A recent trip to the West Coast reminded me of cultural differences within the country. The all-encompassing nature of some private sector information firms there is quite distinct from that of older east coast companies. On-site free eating areas, dry cleaners, game rooms, rest areas — encourage employees to send more time at work. They do. Transportation to and from city centers in company buses and vans assure that worked can continue a focus on work during their transportation.
Further, the service industries that have arisen permit employees to minimize their time in interaction with others. A popular ongoing service is home delivery of gasoline for automobiles that fill tanks at night so that time spent on that activity is eliminated from one’s life. On the street, a first – a robotic coffee kiosk with diverse offerings of size, type of coffee, and drink type. No human needed. Food delivery is ubiquitous. Never having to leave work or one’s house is completely possible.
Such a life maximizes focus on one’s work, a wonderful freedom if one’s work is deeply satisfying.
Upon reflection, such hours are not unlike many of those spent by many professionals. Even without employers’ support of all one’s life’s needs in a self-sufficient cocoon, many professionals seem consumed by their devotion to work. The ubiquitous mobile phone permits ongoing work each weekend, indeed, all hours of the night every night.
These are comments about those in the higher percentiles of income and wealth. But similar comments could be offered about those in the lower percentiles. Lives spent juggling multiple jobs to make ends meet produce a similar all-encompassing focus. In these there may be less drive to succeed in a career and more commitment to maximize income to pay the bills.
I’ve written earlier about the loss of confidence in institutions and evidence of decline in civic participation. Details of the structure of modern work lives and the lack of community integration seems complementary. Many of today’s populace seem to have no time to contribute to their community, to support civic institutions, or to integrate into the life of their neighborhoods.

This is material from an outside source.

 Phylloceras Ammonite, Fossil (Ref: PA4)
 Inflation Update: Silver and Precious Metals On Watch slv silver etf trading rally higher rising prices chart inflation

Of course, universities are not at all immune to these phenomena. Faculty devote total energy to research and teaching, and whenever possible, to their professional associations. The institutions are enveloping of the full person’s energy. Email and texts with students and colleagues eat up hours of each day. Keeping up with one’s field fills every free moment.
One fear of this phenomenon is that these all-enveloping professions and their associated institutions become detached from the societies in which they are embedded. As a possible result, attitudes toward both tech firms and universities seem to be more negative over the past few years. Questions arise about whether they are serving their own interests alone or serving the larger society.
At this moment in time, universities whose mission include direct service to the outside world become important in this context. Demonstrating that those whose energies are devoted to expanding knowledge are also actively trying to serve others may now be more important than ever. While universities and the faculty that build them must indeed devote total energy to their research and teaching, organizing their teaching and research about how to build a better world has never been more important.